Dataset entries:

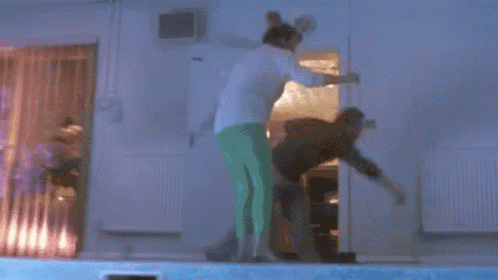 a man in a black shirt is standing next to a woman in a pool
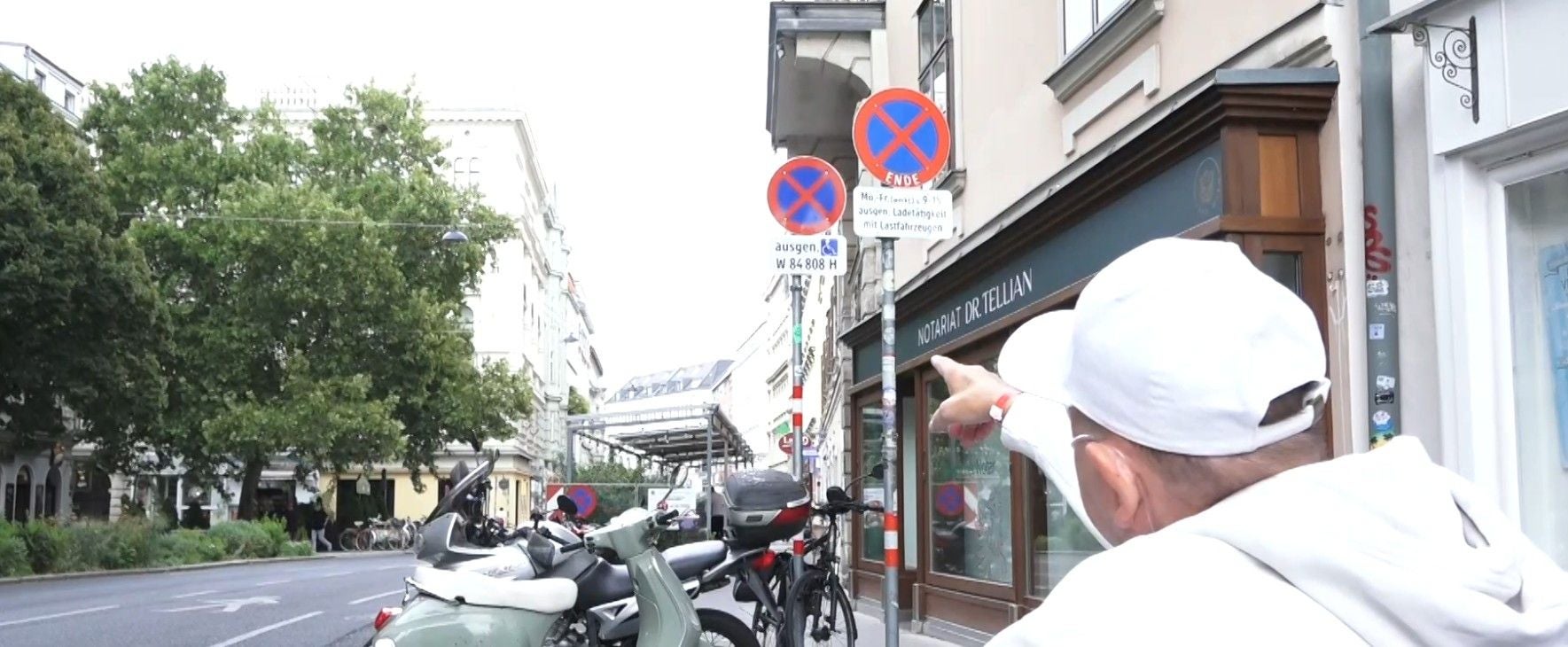 Person mit weißer Kappe deutet auf Halteverbotsschilder in einer Wiener Straße mit Mopeds.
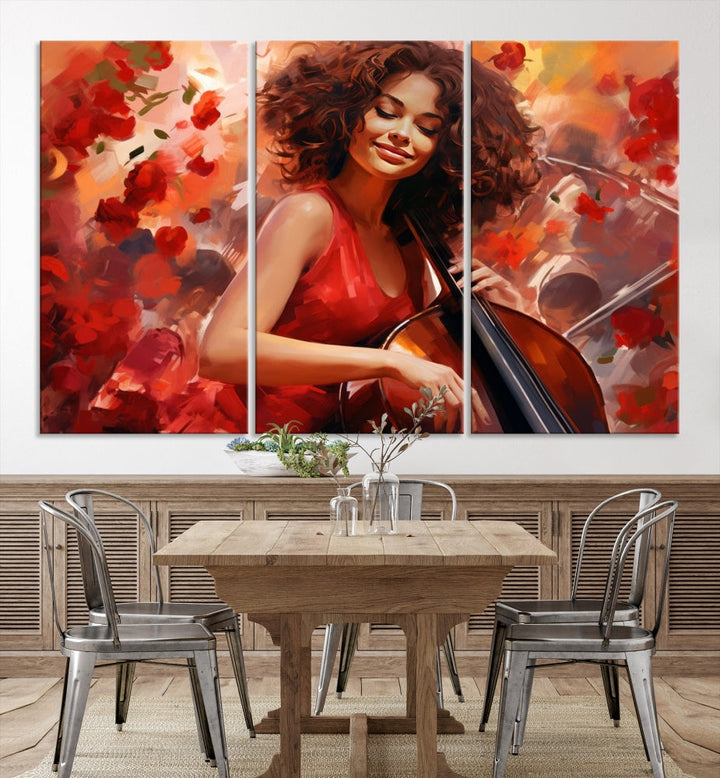 The "Abstract African American Musician Woman Playing the Cello" is a stunning three-panel piece presented on a gallery-wrapped, museum-quality canvas. It depicts a woman in red playing a cello amidst abstract red flowers. The artwork features a UV-protective coating to preserve its vibrant beauty when mounted on a white wall.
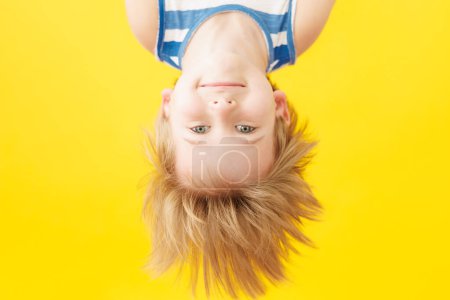 Happy child smiling against yellow paper background. Funny kid hanging upside down. Summer vacation and travel concept
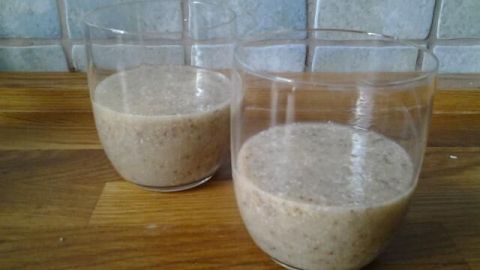 Zwei Gläser mit einem cremigen Apfel-Kokos-Smoothie stehen auf einer Holzfläche vor einer hellen Fliesenwand.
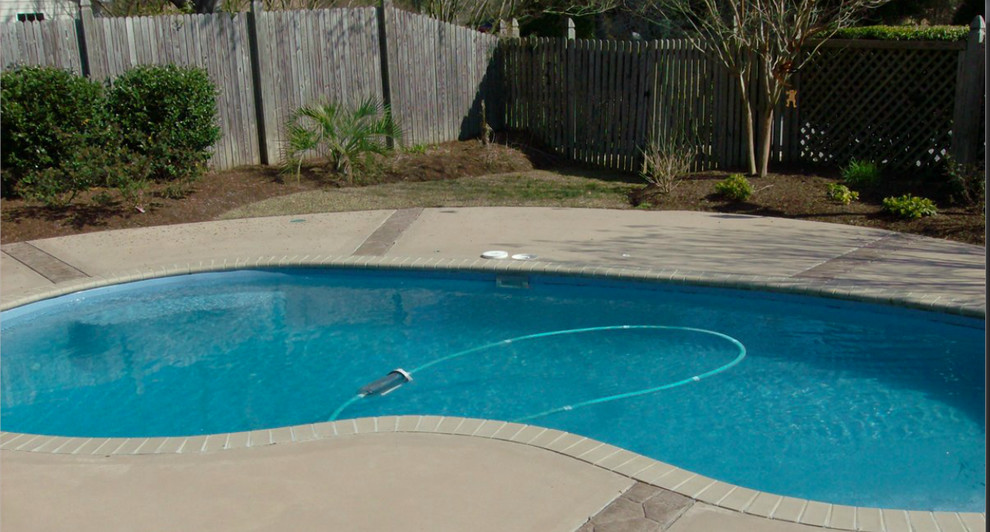 Inspiration for a small transitional backyard concrete paver and custom-shaped pool remodel in Phoenix
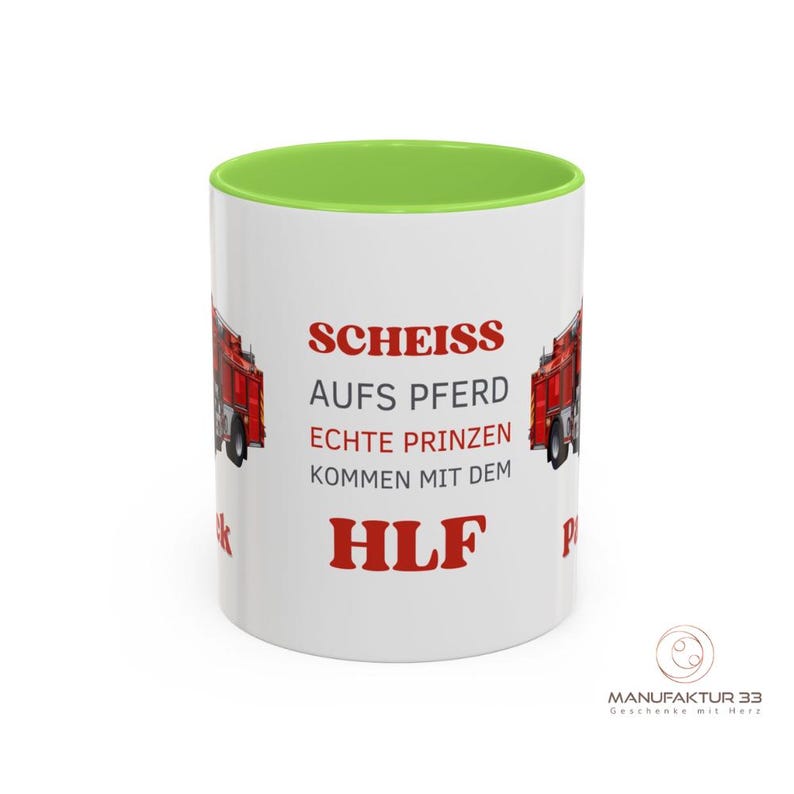 May include: White ceramic mug with a green interior and a red fire truck graphic. The mug features red text that reads "SCHEISS AUFS PFERD ECHTE PRINZEN KOMMEN MIT DEM HLF". The mug has a glossy finish.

Problem statement: Whatever lies between the first line of the data and the line holding "Inspiration for a", inclusive, should be repeated exactly, apart from the pictures.

Answer for this exercise:
 a man in a black shirt is standing next to a woman in a pool
 Person mit weißer Kappe deutet auf Halteverbotsschilder in einer Wiener Straße mit Mopeds.
 The "Abstract African American Musician Woman Playing the Cello" is a stunning three-panel piece presented on a gallery-wrapped, museum-quality canvas. It depicts a woman in red playing a cello amidst abstract red flowers. The artwork features a UV-protective coating to preserve its vibrant beauty when mounted on a white wall.
 Happy child smiling against yellow paper background. Funny kid hanging upside down. Summer vacation and travel concept
 Zwei Gläser mit einem cremigen Apfel-Kokos-Smoothie stehen auf einer Holzfläche vor einer hellen Fliesenwand.
 Inspiration for a small transitional backyard concrete paver and custom-shaped pool remodel in Phoenix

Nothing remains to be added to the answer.